La denuncia di Giorgio Meletti, presidente di Confartigianato: "Rischio di aumento della pressione fiscale sulle imprese". Il Carroccio respinge le accuse: "Prima approviamo il decreto, poi mettiamolo in atto". "Accuse strumentali"
La protesta contro il federalismo parte da Varese, un territorio dove ci sono 23mila aziende artigiane e luogo di nascita della Lega Nord. A denunciare una norma che “rischia di pesare sul portafoglio delle imprese, coinvolte in una sempre più stretta morsa di tassazione e burocrazia”, è Giorgio Meletti, presidente di Confartigianato. Meletti chiede che l’ultimo testo, uscito dall’ultima, sofferta e contrattata bozza Calderoli sull’autonomia fiscale dei comuni, venga rivisto. “Nella nuova versione del testo del decreto – spiega il presidente – è scomparso l’obbligo di riduzione alla metà dell’Imu (Imposta municipale unica) per gli immobili produttivi delle imprese o dati in locazione. L’obbligo di riduzione si è trasformato in una facoltà per i Comuni, con un evidente rischio di aumento della pressione fiscale sulle imprese”. Molto meglio, quindi, “la precedente formulazione del decreto”.
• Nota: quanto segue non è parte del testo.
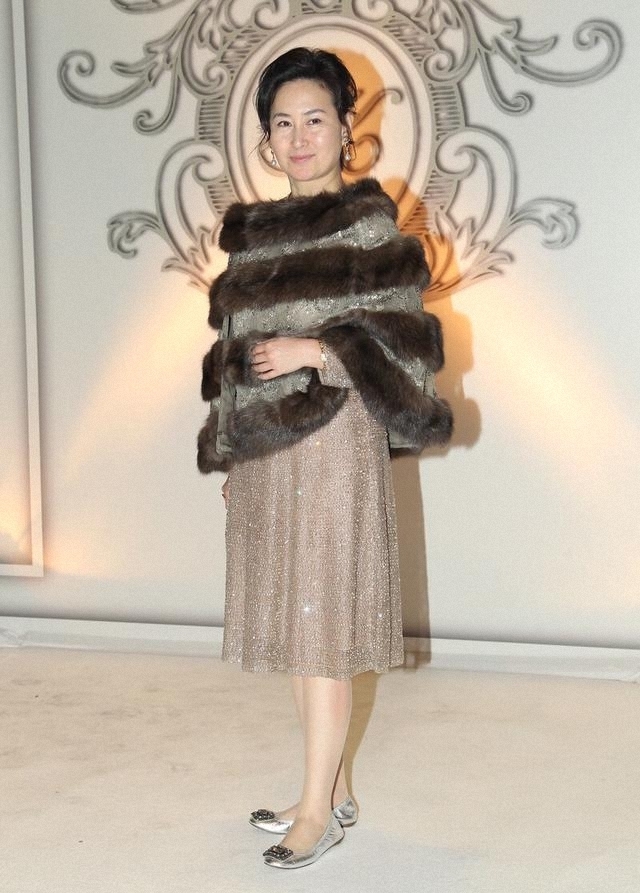富态|57岁何超琼难得霸气，穿皮草配亮片连衣裙，展颜一笑更显富态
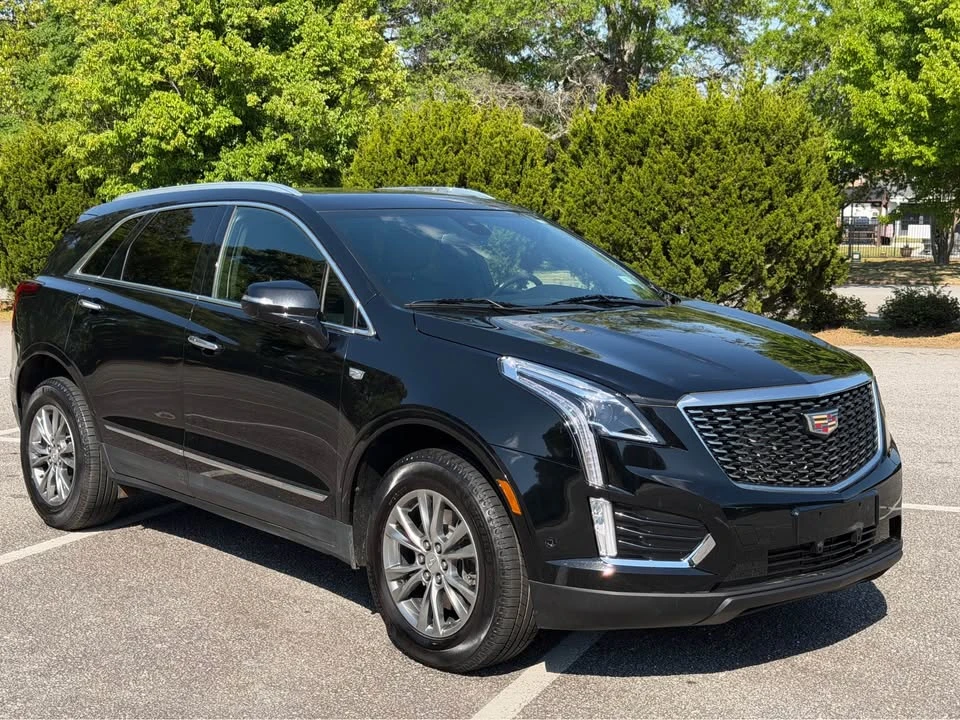 2022 Cadillac XT5 - Image 2 of 16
Nei giorni scorsi, gli stessi dubbi erano stati espressi sia da Luca Ricolfi sul quotidiano torinese La Stampa, sia dal Sole 24 Ore. Ricolfi riassumeva il timore sempre più diffuso che “l’esigenza, tutta politica, di ottenere l’ok dell’Anci”, potesse portare “a un ulteriore aumento della pressione fiscale”. Secondo i calcoli del giornale di Confindustria “le imprese subiranno un aumento medio del 18,75 per cento rispetto a quello che pagano ancora con l’Ici”. La bozza ferma infatti “l’Imu al 7,6 per mille anche per gli immobili strumentali, con un rincaro medio del 18,75 per cento rispetto all’aliquota media dell’Ici in vigore”. Di qui lo scontento della Confartigianato: “I conti devono tornare – dice ancora Meletti – ma se li si fa senza l’oste le sorprese arrivano arrivano puntuali: se la platea dei paganti si dimostra insufficiente a pareggiare, la si amplia. Puntando alle imprese come ha fatto il governo”.
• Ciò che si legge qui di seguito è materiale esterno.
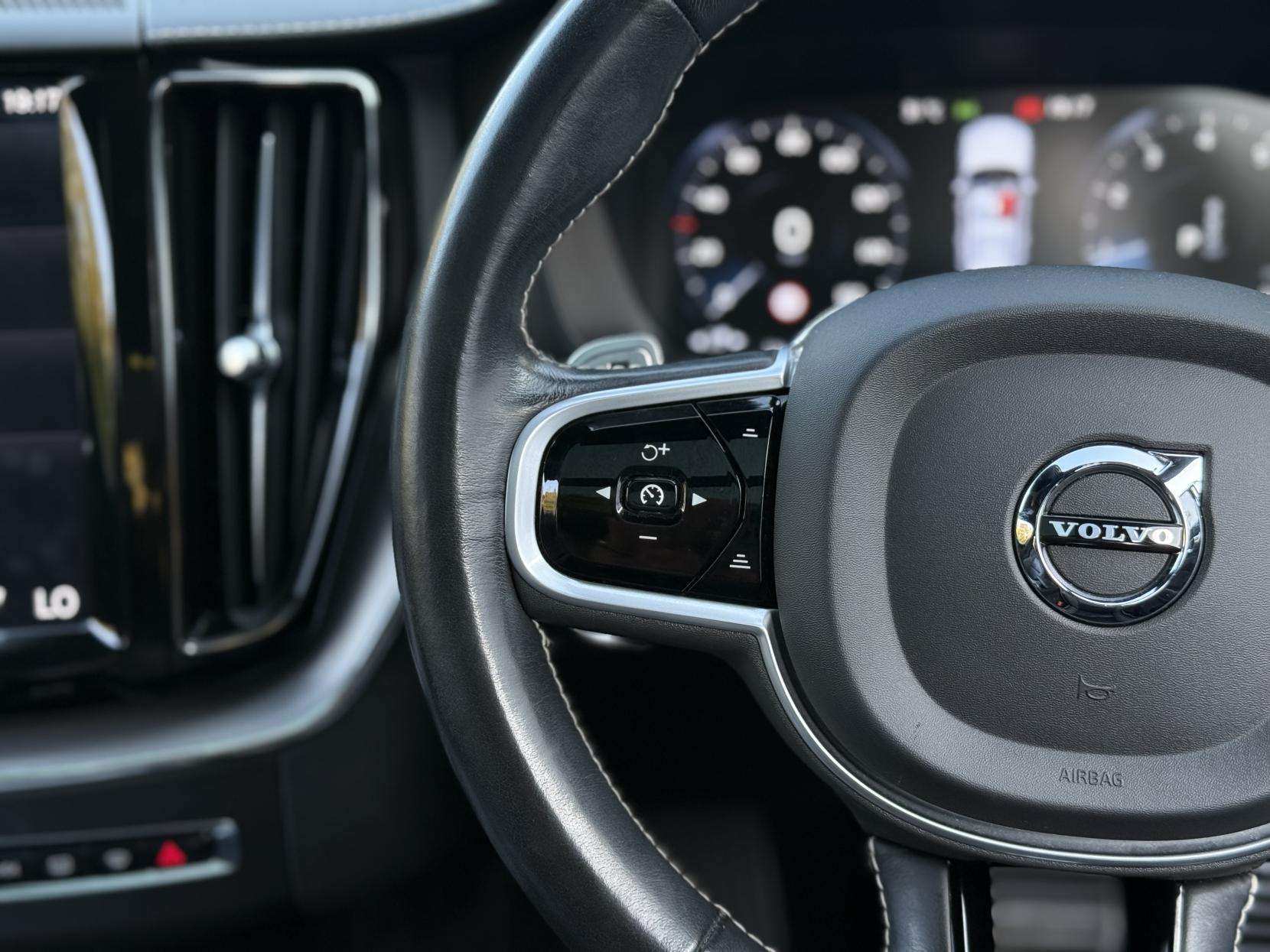 2020 VOLVO XC60 2020 VOLVO XC60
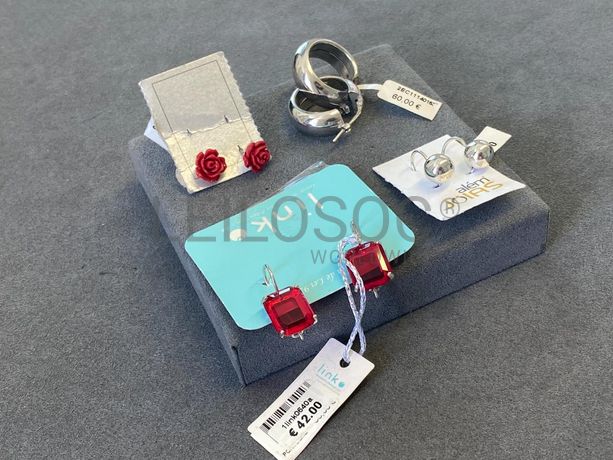 Brincos em prata e outros materiais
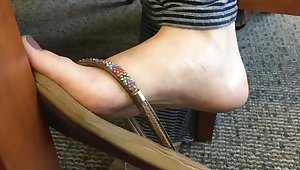 Candid Teen Flip Flops Hot Toes and Feet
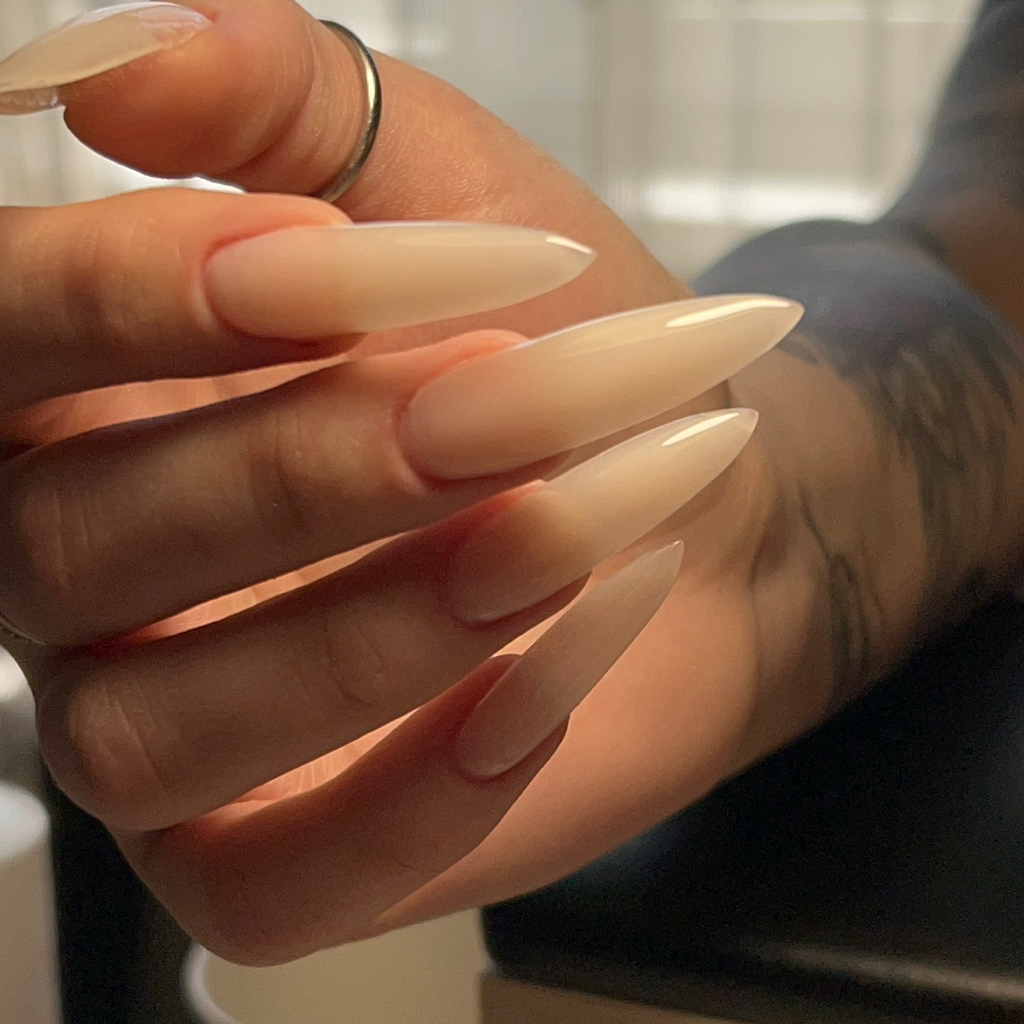 Маникюр с наращиваем длины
I conti sono ipotetici, ma le piccole e medie imprese (Pmi) fanno sentire la loro voce: “Questo non è il federalismo che ha chiesto e chiede la Confartigianato”. Sembra un invito al ripensamento: “Se federalismo dev’essere, che lo sia nell’ottica di una sussidiarietà dinamica e non capricciosa. Cioè volta alla crescita e non al ‘fare cassa’”.
Ma la Lega respinge le accuse: “Mi lascia molto perplesso il fatto che Confartigianato, un’ora dopo aver visto la bozza del decreto, abbia già fatto tutti i calcoli”, commenta il senatore Fabio Rizzi, sindaco di Besozzo. Rizzi, sentito dal quotidiano La provincia di Varese, riconduce il tutto a “una presa di posizione strumentale e non di contenuti”. Nessun federalismo annacquato quindi: “Certo non siamo il Canton Ticino, ma non dimentichiamo che oggi ci arriva lo 0,86 per cento dei proventi delle entrate fiscali, alla Provincia lo 0,84 per cento e la media del nostro territorio è sotto l’1 per cento. Le future percentuali, che oscillano tra il 5 e l’8,3 per cento sono numeri. E sono numeri chiari”. Anche Stefano Candiani, sindaco di Tradate, frena gli allarmismi: “Si sta arrivando in maniera molto sofferta all’approvazione del federalismo”, ma quelle su cui s’esprimerà la bicamerale “non sono tavole della legge bensì il primo passo verso una riforma che deve portare a una maggiore responsabilità di chi gestisce la cosa pubblica”. I margini per migliorare ci sono: “Ora bisogna completare questa fase di rinnovamento, perché non c’è nulla di peggio di un Paese che non riesce a imboccare una strada, provocando un danno a tutti”. Conclude Candiani: “Approviamo tutti insieme il federalismo e il giorno dopo confrontiamoci per attuarlo”.